少女はスマートフォンを取り出し、一枚の写真を見せた。
「これ、幼稚園のお遊戯会の時の写真。ウチら、こん時に初めて同じ組になって、そこから仲良くなったんやけど、覚えてる?」
俺は無言で首を横に振った。
「そっか……じゃあ次はこれ。小学校の入学式の写真。こん時から陽菜は背高かってん。覚えてる?」
また無言で首を横に振る。少女の表情がどんどんと硬くなっていった。
「そうなんや……じゃあこれが3年生の時の運動会で、これが5年生の時の林間学校の時の写真。そしてこれが卒業アルバムのウチと陽菜の写真。これも全部覚えて無いん?」
今度は首を縦に振った。
「…やっぱり、ホンマに陽菜って記憶全部無くなってんな…」
ついに少女も落ち込んでしまった。しかし、俺はもっと辛かった。俺にとって、今見せられている写真は覚えているどころか全てが初めて見るものだからだ。勿論それを言い出せる訳もなく、ただただ申し訳ない気持ちで少女の話を聴くだけだった。
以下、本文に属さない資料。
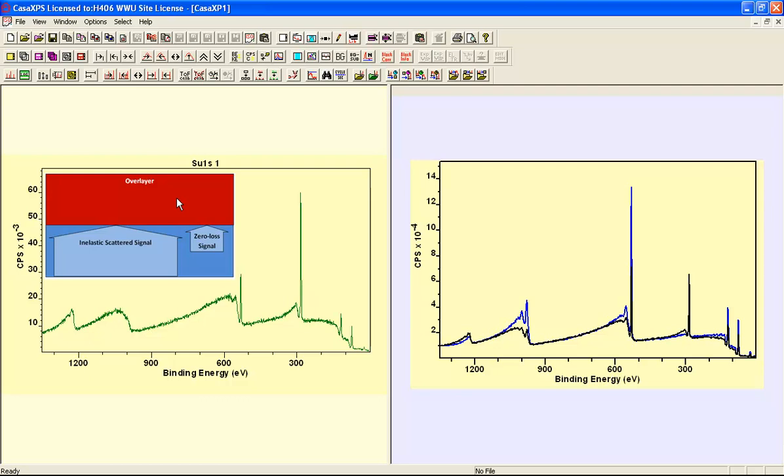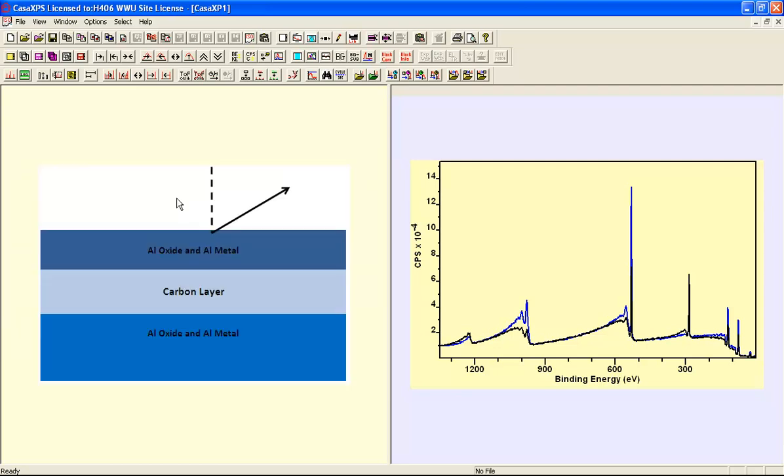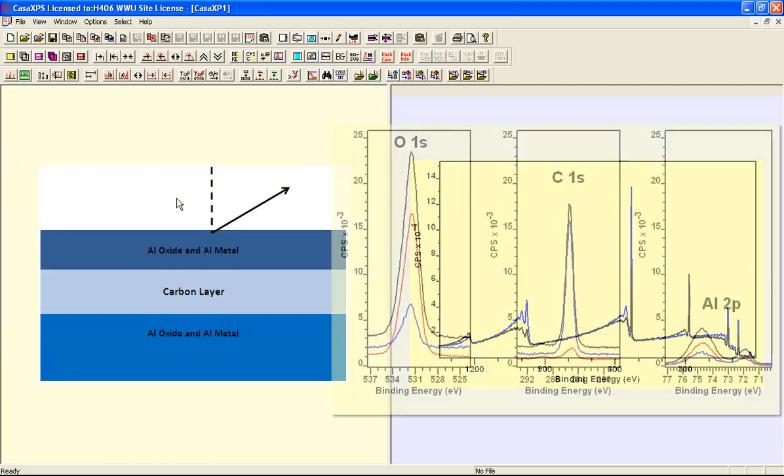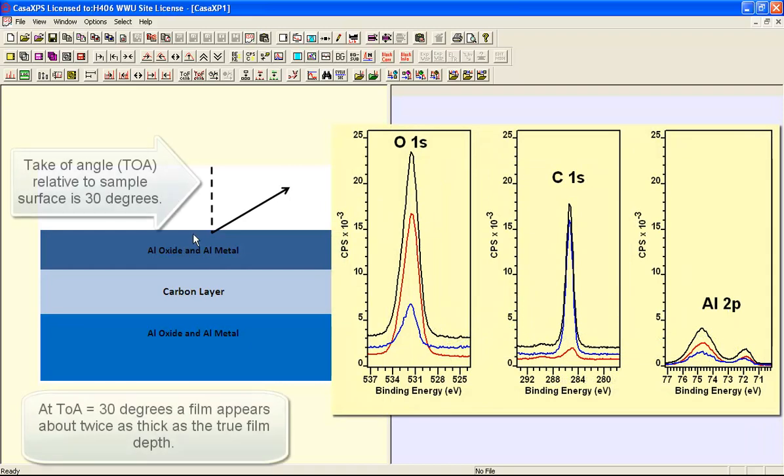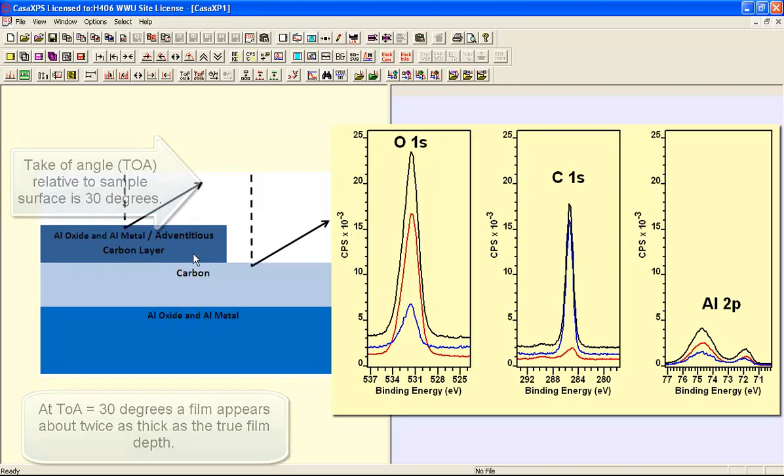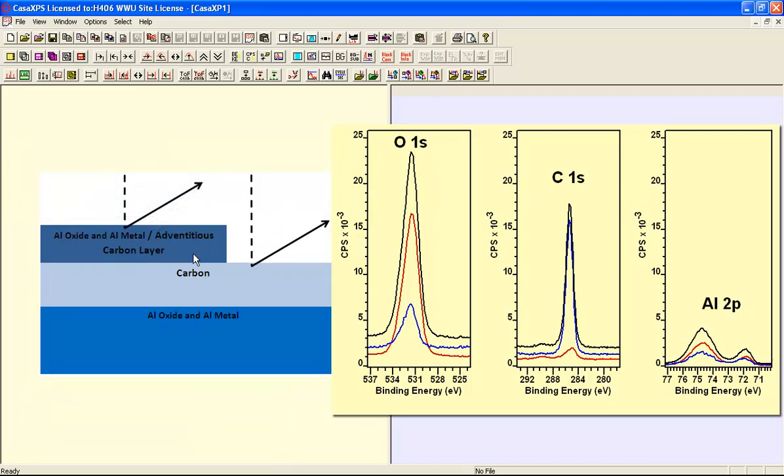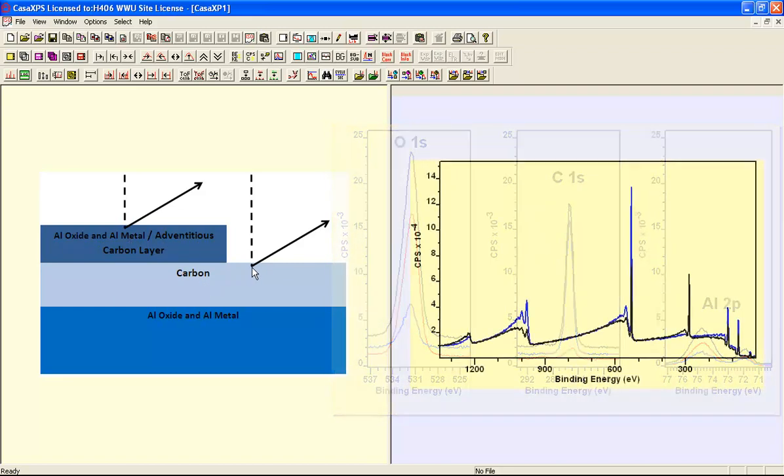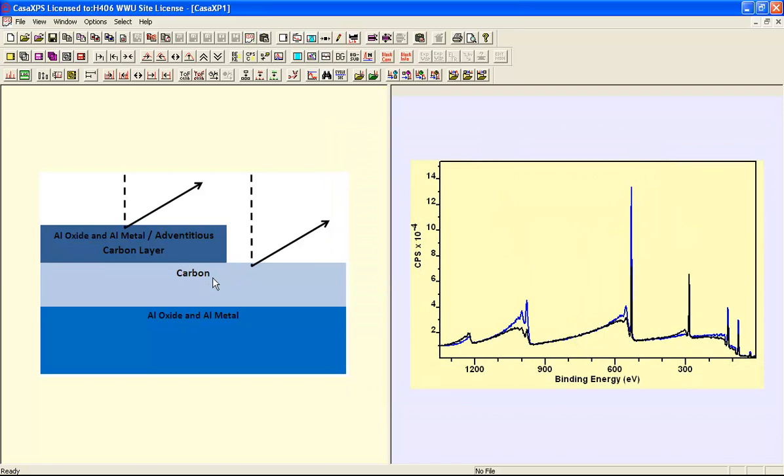However, once we go to the high resolution data, we can see that we've got some aluminium oxide and metal potentially at the surface. So the sample is perhaps along these lines that we have an aluminium oxide and metal, some adventitious carbon, and there's also signal coming from a carbon layer that is sufficiently thin to allow some of the aluminium oxide and metal beneath it to actually appear in the spectra.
「…一応全部見せるけど、これが中学校の時の写真。陽菜はテニス部で、ウチはバスケ部。でも部活帰りとかよく一緒に帰ってたんやで。」
「へぇ………」
つい第三者目線を隠しきれていない返事をしてしまう。
「で、これが去年の体育会のダンス。こん時、ホンマに楽しかってんなぁ…」
さっきまでの陰険な表情とは一転、思い出話に浸る少女の顔に少しずつ笑顔が現れてきた。
「あっ、そうそうこれ!陽菜が好きやった先輩。水泳部の一個上の大西康平!結局、卒業までずっと彼女居たから、陽菜の想いは叶わんかったけど……」
SNSから引っ張ってきたと思われる写真を見せられた。水泳部には珍しいゴリゴリの風貌で、俺にとっては少し苦手なタイプだった。
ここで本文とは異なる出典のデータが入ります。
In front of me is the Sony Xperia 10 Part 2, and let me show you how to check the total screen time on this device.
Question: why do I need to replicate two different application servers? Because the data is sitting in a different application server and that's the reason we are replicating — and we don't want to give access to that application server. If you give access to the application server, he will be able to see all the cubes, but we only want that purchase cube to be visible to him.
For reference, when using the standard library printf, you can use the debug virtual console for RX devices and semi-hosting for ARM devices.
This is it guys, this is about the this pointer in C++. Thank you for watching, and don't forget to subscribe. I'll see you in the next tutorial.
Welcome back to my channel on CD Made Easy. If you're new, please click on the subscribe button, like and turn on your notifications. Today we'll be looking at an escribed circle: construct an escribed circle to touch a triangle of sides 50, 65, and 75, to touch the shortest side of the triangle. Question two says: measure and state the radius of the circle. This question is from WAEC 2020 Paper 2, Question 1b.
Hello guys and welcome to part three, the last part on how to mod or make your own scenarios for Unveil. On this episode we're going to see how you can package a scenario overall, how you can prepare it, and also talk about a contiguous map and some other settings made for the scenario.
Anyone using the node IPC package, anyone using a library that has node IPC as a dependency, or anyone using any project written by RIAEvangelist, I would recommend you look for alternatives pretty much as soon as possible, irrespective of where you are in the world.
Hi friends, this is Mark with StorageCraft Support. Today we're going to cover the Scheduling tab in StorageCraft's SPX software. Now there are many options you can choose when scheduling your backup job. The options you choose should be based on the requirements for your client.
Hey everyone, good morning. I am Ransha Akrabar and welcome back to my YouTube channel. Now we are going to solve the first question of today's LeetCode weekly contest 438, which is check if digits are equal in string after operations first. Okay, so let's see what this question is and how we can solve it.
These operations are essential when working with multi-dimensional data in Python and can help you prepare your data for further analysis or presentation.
「で、ウチが大阪バッファローズの試合に連れて行った時の写真!野球に全く興味なかった陽菜が最後はめっちゃ楽しんでたんやで!」
球場内でユニフォームを着て楽しそうに写る2人の少女の写真。
友達にも恵まれず、あまり良い学生生活を送ってこなかった俺にとって、これらの楽しそうな写真に対して羨ましさすら感じた。
「どう?思い出した?」
「…ごめん…何も思い出せない…」
俺にはこれしか言えなかった。
「そっか……まあ、ちょっとずつ思い出してもいいよ!むしろ、全く思い出せなくても今日この瞬間からウチと陽菜で楽しい思い出めーっちゃ作ったらええんやから!!」
少女の言葉に感激し、涙が出そうになった。
「ありがとう……由紀乃…」
「これからも、ウチと陽菜は一緒。陽菜がなるべく早く元の生活に戻れるように全力でサポートしてあげるから!!
突然何もかも奪われ、全くの別人として生きるように命じられた俺に与えれられた最初のボーナスは、かけがえのない「幼なじみ」だった。